La municipalité d'Oloron, s'est intéressée à nous, nous offrant les "hardes " noires et rouges qui nous servent toujours de cache-misère et de costume de scène. C'est nous qui les avons voulues ainsi.
Entre les années 1970 et 1975, nous avons fait à cinq reprises des apparitions sur les chaînes nationales de la télévision, invités par Jacques Chancel et Armand Jammot.
Une invitation de voyage aux États Unis dut même être refusée ; les paysans du groupe ne voulant en aucun cas s'éloigner de leurs bases. Le scrutin à bulletins secrets qui confirma le "non" fut sûrement très influencé par les épouses des chanteurs qui elles, n'étaient pas invitées.

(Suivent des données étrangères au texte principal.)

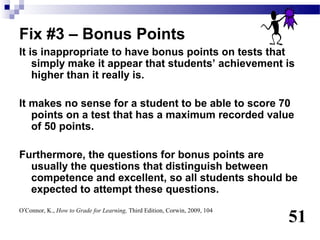 Fix #3 – Bonus Points
It is inappropriate to have bonus points on tests that
    simply make it appear that students’ achievement is
    higher than it really is.

It makes no sense for a student to be able to score 70
   points on a test that has a maximum recorded value
   of 50 points.

Furthermore, the questions for bonus points are
  usually the questions that distinguish between
  competence and excellent, so all students should be
  expected to attempt these questions.

                                                                            51
O’Connor, K., How to Grade for Learning, Third Edition, Corwin, 2009, 104
 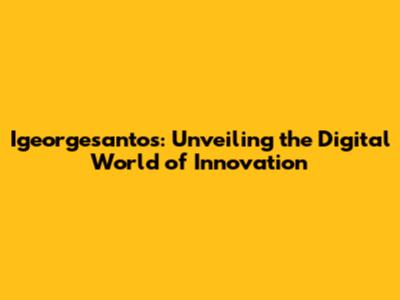 Igeorgesantos: Unveiling the Digital World of Innovation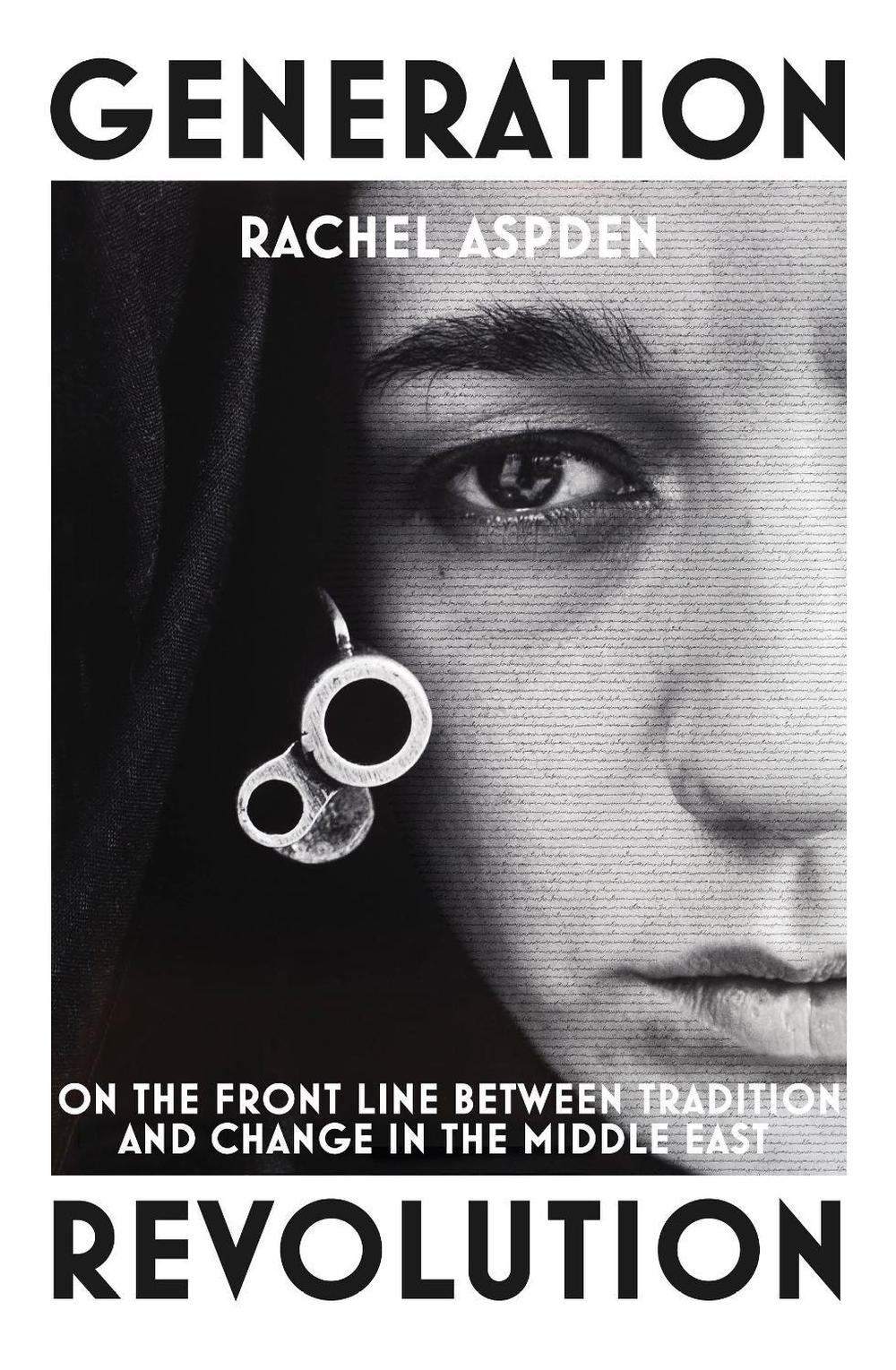 Generation Revolution by Rachel Aspden - ISBN: 9781846557637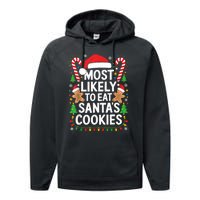 Most Likely To Eat SantaS Cookies Family Christmas Performance Fleece Hoodie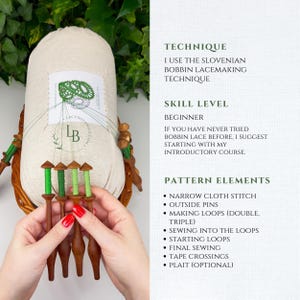 May include: A beige fabric-covered bolster pillow for bobbin lacemaking, featuring a white label with a green lace graphic and the text LB. Four wooden bobbins with green thread are held in place, connected to the pillow. Text on the right details the Slovenian bobbin lacemaking technique, beginner skill level, and pattern elements including narrow cloth stitch, outside pins, loops, sewing, and tape crossings.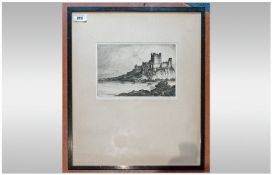 A Black and White Original Etching By R F King titled Bamborough Castle, Northumberland. Signed in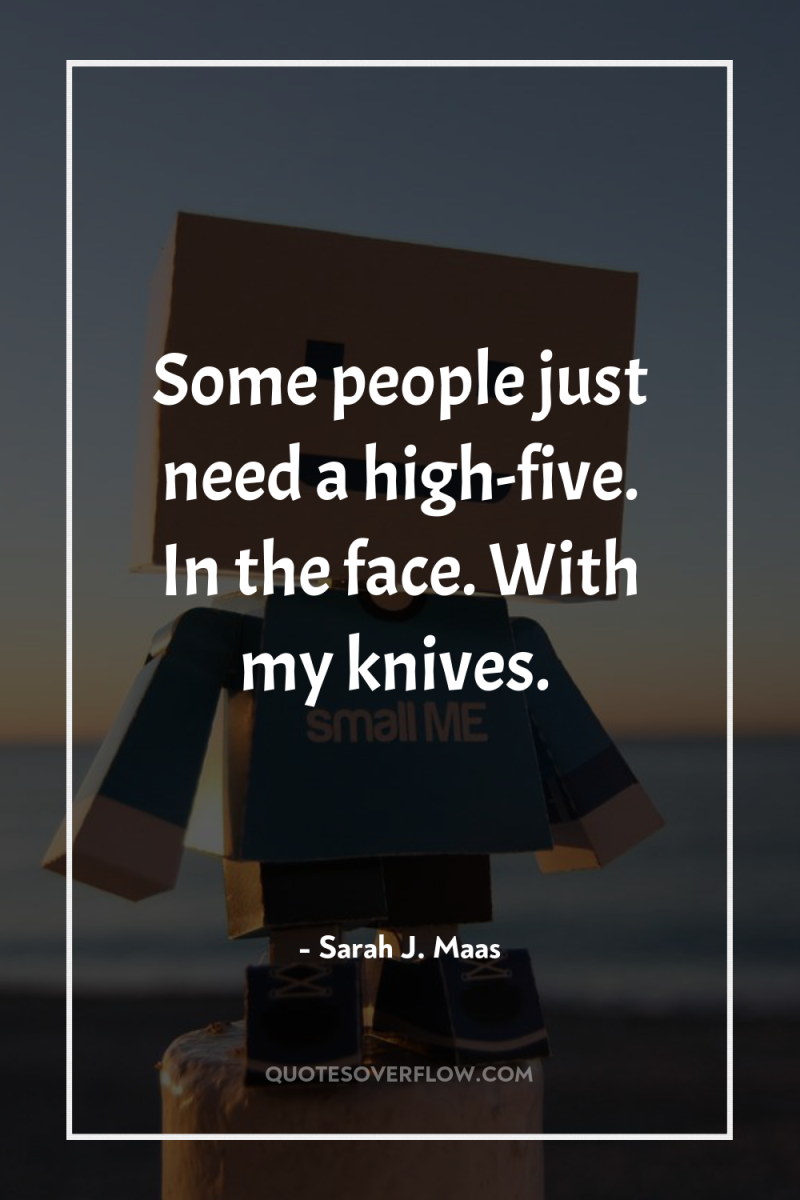 Some people just need a high-five. In the face. With...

Notre répertoire a évolué dans le temps. Bien sûr, nous chantons toujours les classiques béarnais, que nous alternons avec des chants français par respect du public, en puisant dans le magnifique répertoire montagnard d'Alfred Roland.
Nous animons aussi toutes sortes d'offices religieux. Puisque chanter c'est prier au pluriel, nous espérons bien que le purgatoire de notre public est tout de même assez agréable, car dès que nous entonnons, nous autres sommes au paradis.

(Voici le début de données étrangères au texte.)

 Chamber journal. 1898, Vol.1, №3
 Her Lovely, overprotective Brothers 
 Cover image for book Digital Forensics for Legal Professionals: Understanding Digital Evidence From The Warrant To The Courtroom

Il est bien loin, le soir de notre première sortie, le temps a passé. Les anciens s'en sont allés, des jeunes sont venus. Notre façon favorite de chanter est restée toujours la même, en plein air, sous les étoiles et à capela.
Des créations récentes sont venues enrichir notre programme mais toujours c'est la forêt éternelle dont notre village porte si bien le nom, Le Faget «eth Hayet » qui garde nos faveurs.
Nous chantons aussi, la fierté des pics Pyrénéens, le bleu des lacs, les yeux des filles, la vie pastorale, les couleurs de l'arc-en-ciel, le ruisseau qui chante faisant semailles de paix et d'amour, la maison de Thérèse et bien d'autres encore.
Tout cela comme il se doit, dit et chanté en pur béarnais campagnard.
Car sûrement aujourd'hui plus que jamais, le Faget a besoin de chansons.